Many portions of the play supports his loss of control in his actions, while other parts uphold his ability of dramatic art. There are indications from Hamlet throughout the play of his mind’s well being. Hamlet’s pranking disposition may have caused him in certain times that he was playing a role. Hamlet’s mood swings and Machiavellian manipulations are prevalent throughout the play. He pretends to be insane to everyone, in hope of seeking revenge for his fathers death. This link between vengeance and acting is what Hamlet struggles with throughout the play.
He then swears to kill Claudius when he says, “I should have fatted all the region kites with the slave is off. Bloody, bawdy villain! O vengeance! Why, what an ass I am? ” (Act 2. 2) He makes this big build up of what he should have done and how he will be revenged and shoots it down in the next line. He consistently backs down. Hamlet attempts to account for his failure to take revenge. He can’t decide if he wants to play the role. In the same scene, where Hamlet speaks his soliloquy, he is portraying self criticism throughout. In the lines where he speaks of Hecuba, he is referring to being an actor on a stage.
He goes back and forth with self criticism in this soliloquy. At some point he moves from self criticism to wild words. By having this play, Hamlet feels that he’ll be able to tell if Claudius is guilty by him squirming in his seat. At the end of the soliloquy, he is not sure if the ghost was real, even perhaps that he is the devil who used his power, “to assume a pleasing shape. ” Hamlet seems not to be able to tell the difference between reality and illusion. If he would of followed the ghost’s instructions instead of going back and forth, Claudius would been the causally.
Looking at the other players, most have a Machiavellian disposition. Comparing illusion to reality, all of them have a false sense of both. Claudius, Is quite aware of how appearances may deceive and how you can work or act a role given to you.

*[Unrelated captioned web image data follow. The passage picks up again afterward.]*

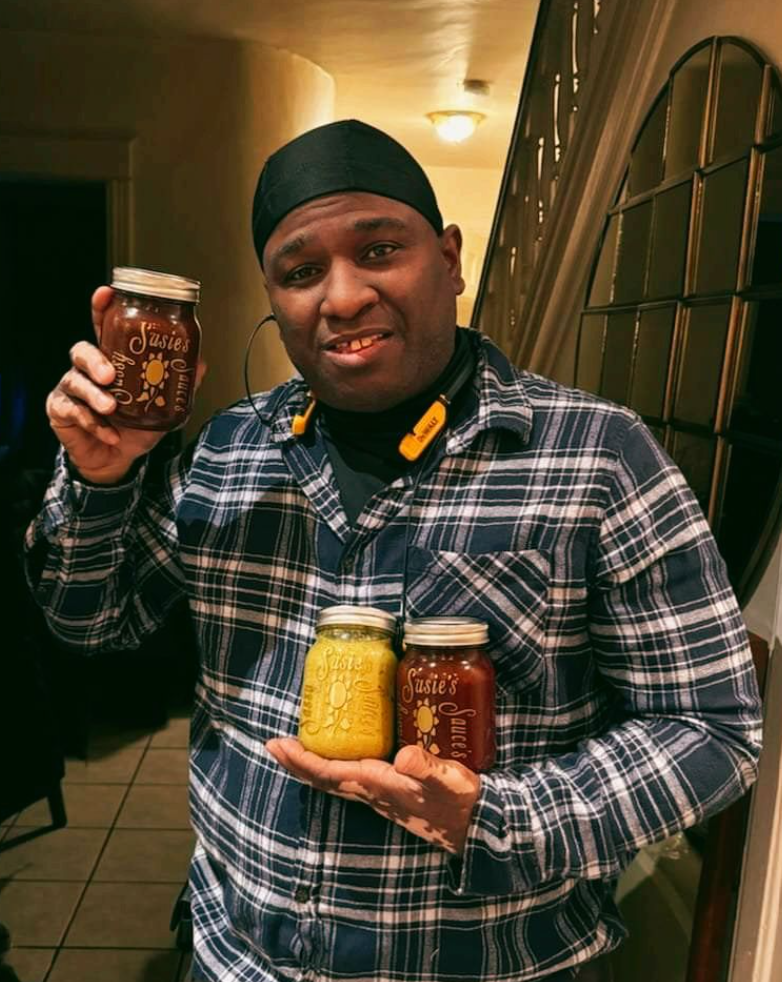 Man holding homemade preserves jars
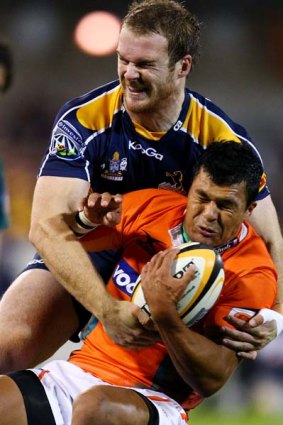 Pat McCabe of the Brumbies tackles Tewis de Bruyn of the Cheetahs.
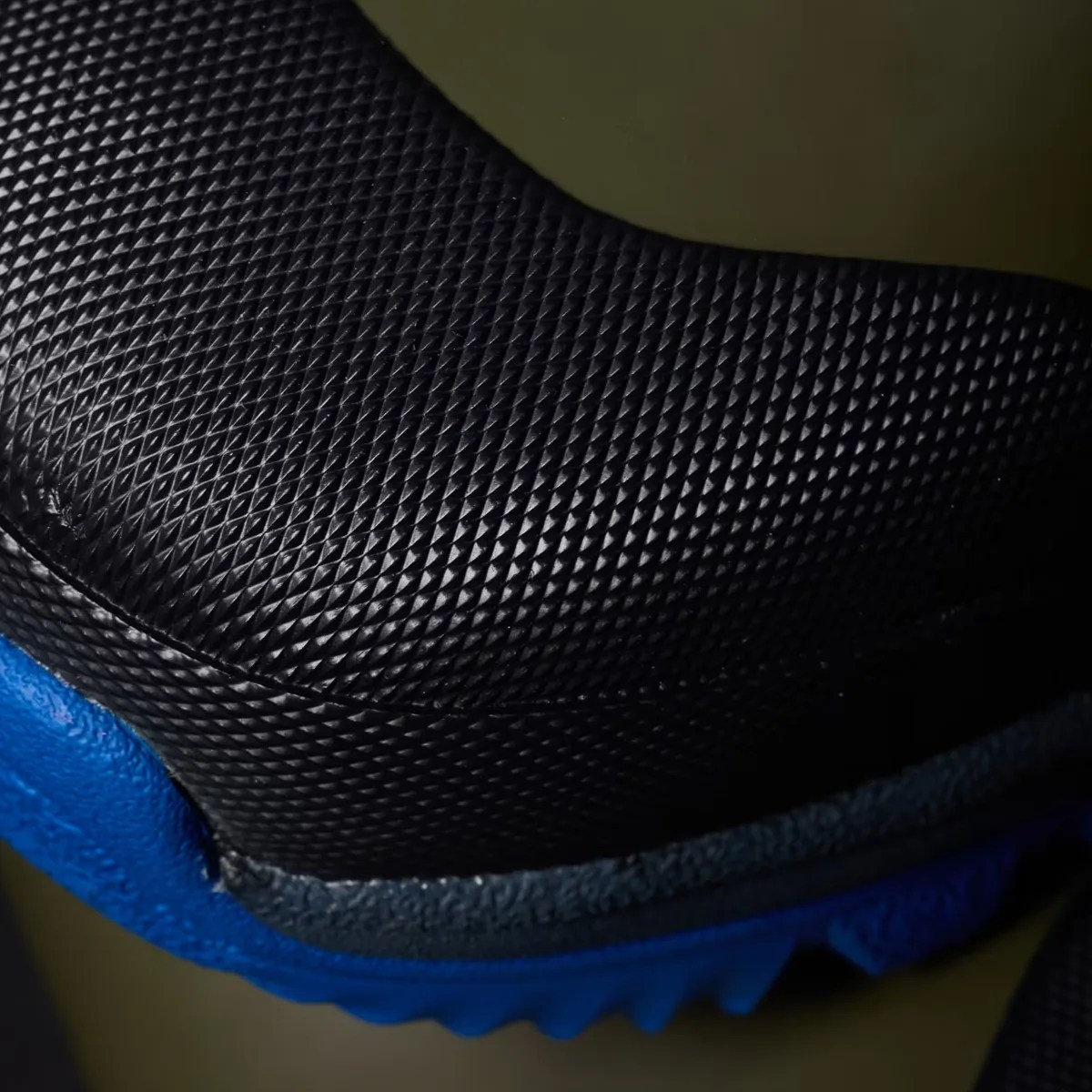 Close-up of a black textured shoe upper with a blue sole edge.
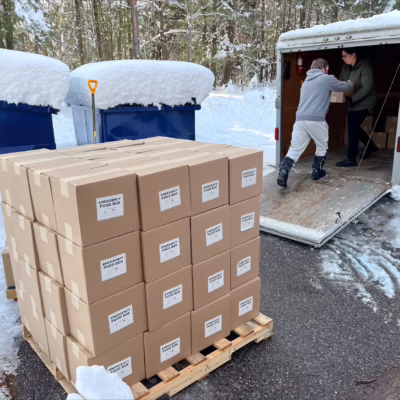 A person passes an emergency food box to someone in a truck, behind a pallet of food hampers being distributed during a snow storm.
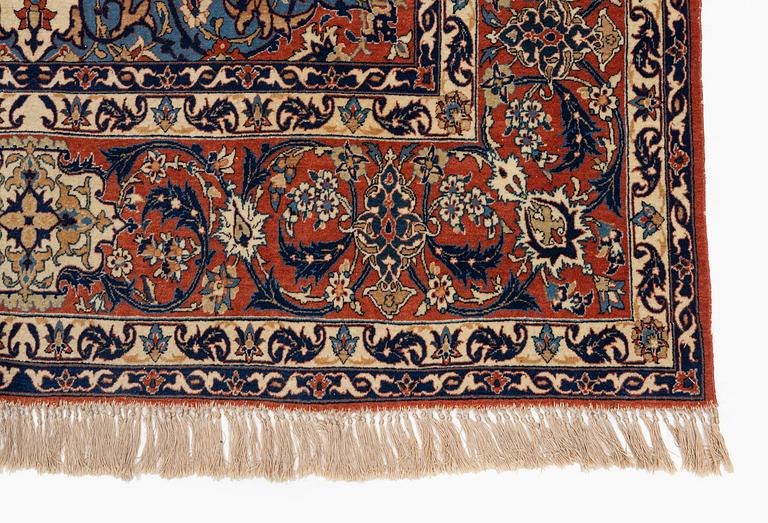 An antique/semi-antique Isfahan, rug c. 239 x 143 cm.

He pretends he care for Hamlet but is scared of him, almost a hate for him. Polonius couldn’t stick to his advisor role. He tried to convince the king that Hamlet is in love with Ophelia, eventually spies on him and gets killed by Hamlet for being tricky and deceitful. Gertrude, is in her own little world. She is living an illusion.
In Act 1:2, she is unaffected by her new status as the wife of her brother-in-law. She doesn’t realize the incestuous act she has committed. She seams to be in an illusion of her mind. Claudius seems to have brain washed her into this flighty character who does what he says and only trusts him. Every character has a mirror effect. Even Ophelia deceives Hamlet by lying to him. She isn’t as deceitful as the others in the play. Throughout the play, the themes of illusion and falsehood have been prevalent. The entire Danish court is caught in a web of spying, lies, and betrayal. No one speaks their mind or addresses a purpose clearly.